Just in case you still have hope, plug the word “Halloween” into the Childhood Obesity News search box, and pick up a few quick ideas. Here’s another suggestion: Even if this year’s celebration isn’t everything you would like it to be, observe carefully and make mental notes in a file called “What to do differently next year.”
Dr. Pretlow is quoted in an article just published in the Kansas City Star about possibly banning candy for Halloween.

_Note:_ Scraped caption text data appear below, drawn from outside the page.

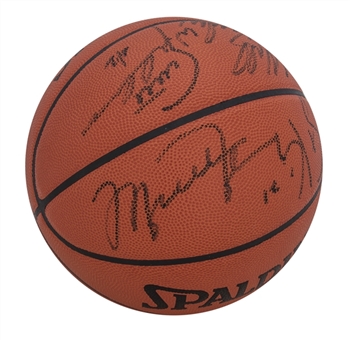 1989-90 Chicago Bulls Team Signed Spalding Basketball With 12 Signatures Including Michael Jordan (PSA/DNA)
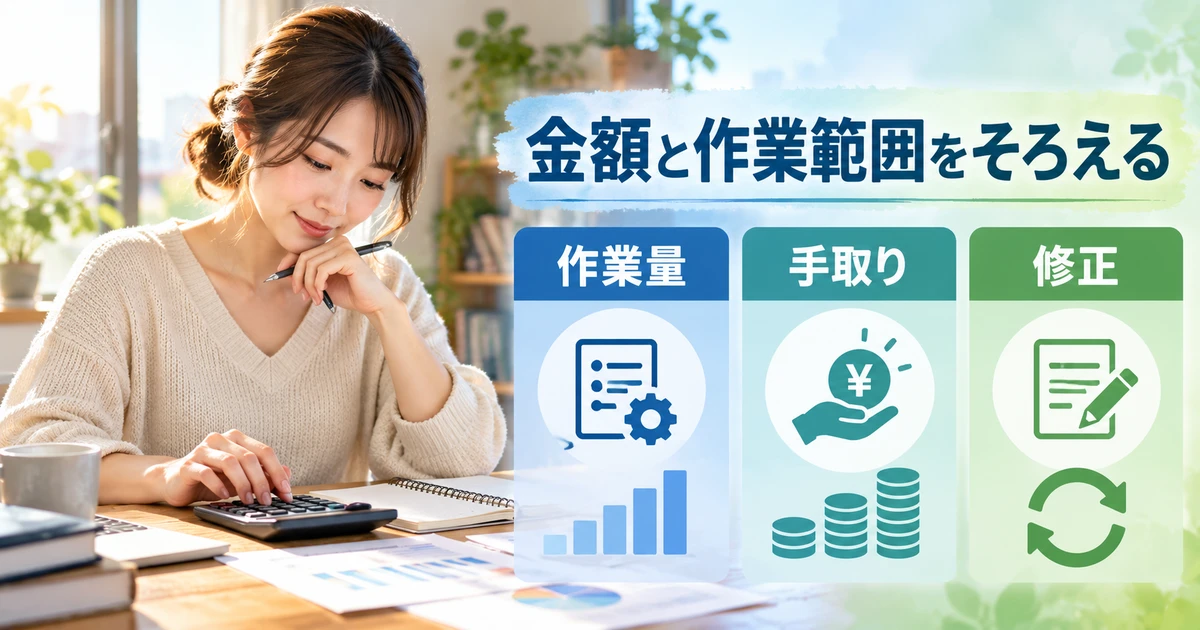 作業量・手取り・修正範囲をそろえて見積もる図解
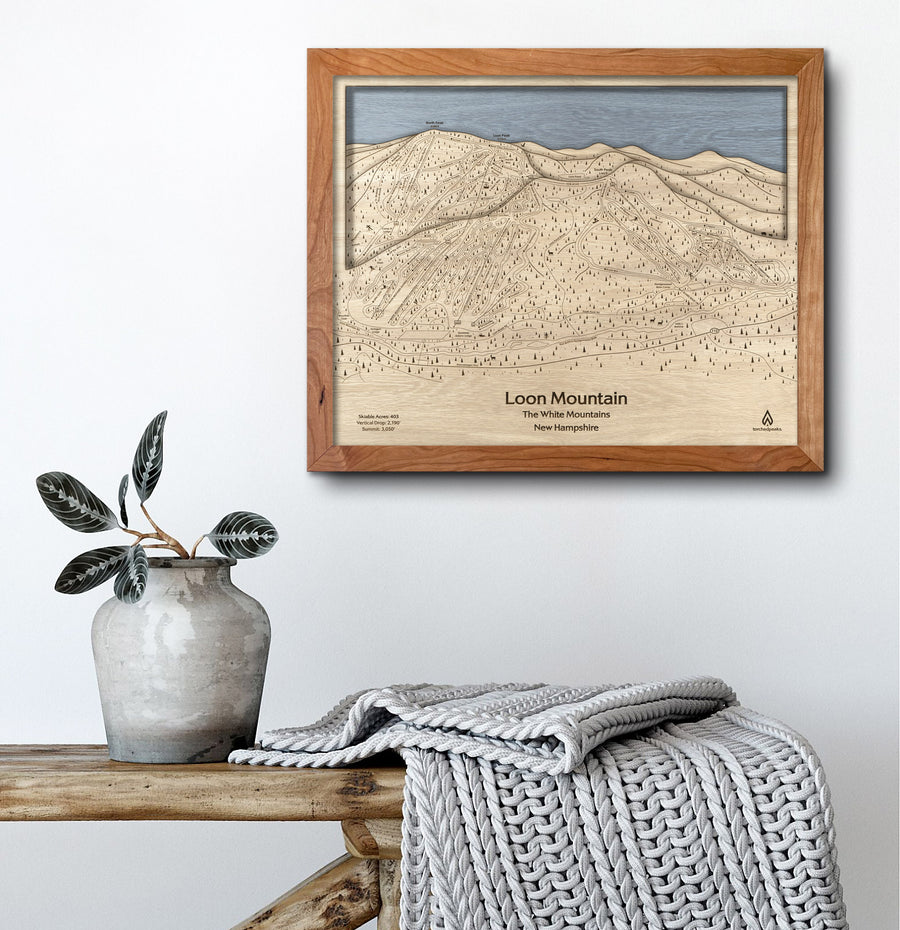 Loon Mountain Ski Trail Map | 3D Wood Ski Slope Mountain Art, Perfect Gift for Skiers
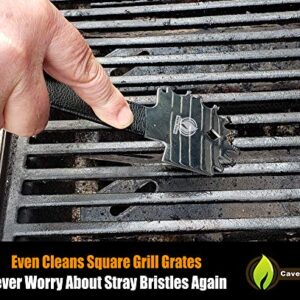 Cave Tools Bristle-Free Metal Grill & Griddle Scraper - Includes Bottle Opener - Barbeque Brush Substitute - BBQ Grill Accessories, Stainless Steel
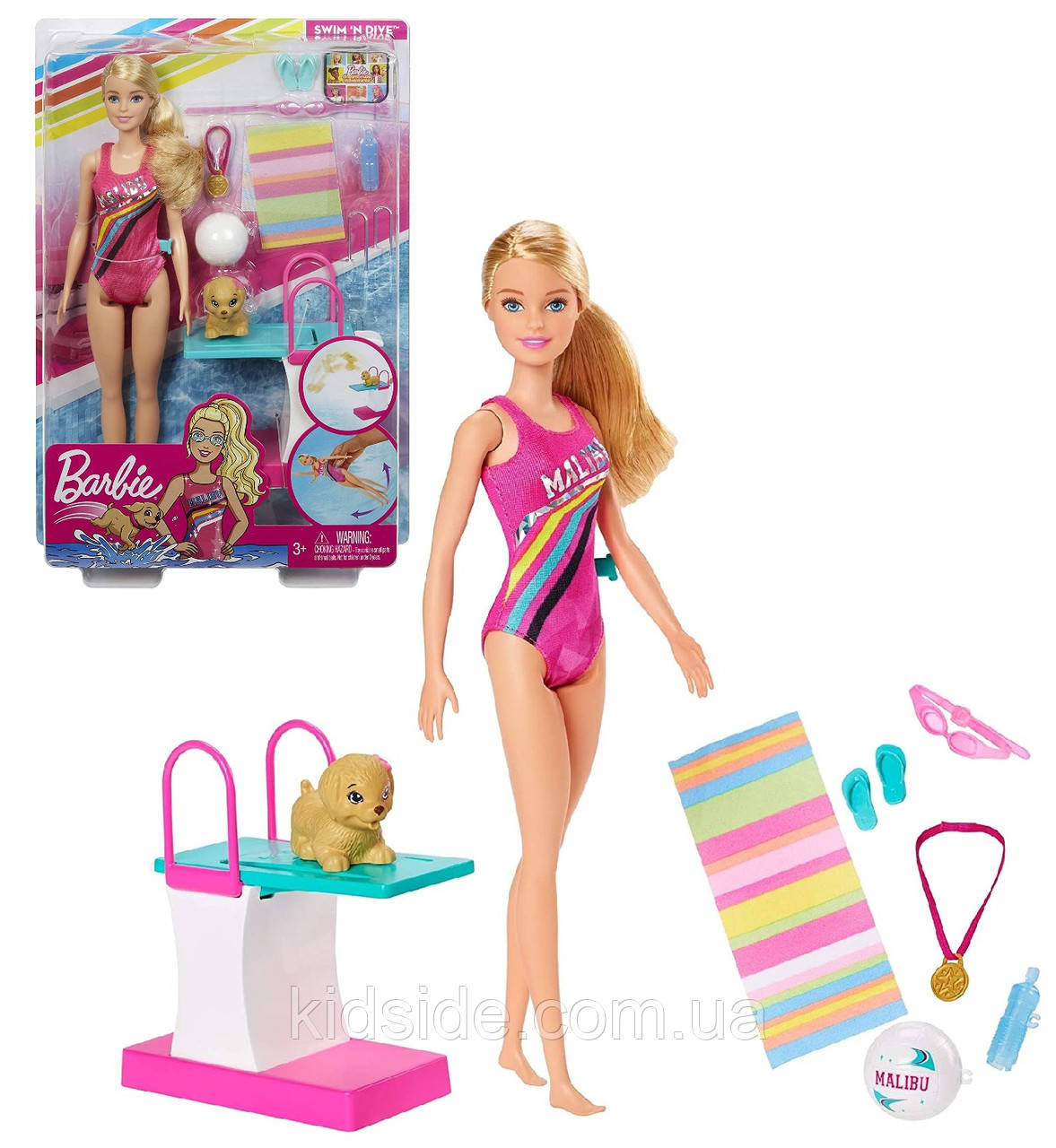 Barbie Swim 'n Dive GHK23 Лялька Барбі Чемпіон з плавання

Of course, it goes without saying, that you should limit the actual consumption of candy on October 31. An agreement should be made beforehand, that only a certain amount is allowed, once the kids are back home. But what about while they’re out in the neighborhood, going from house to house? A mask that obscures vision is bad, but here’s an in idea to consider for future Halloweens: a mask that covers the mouth.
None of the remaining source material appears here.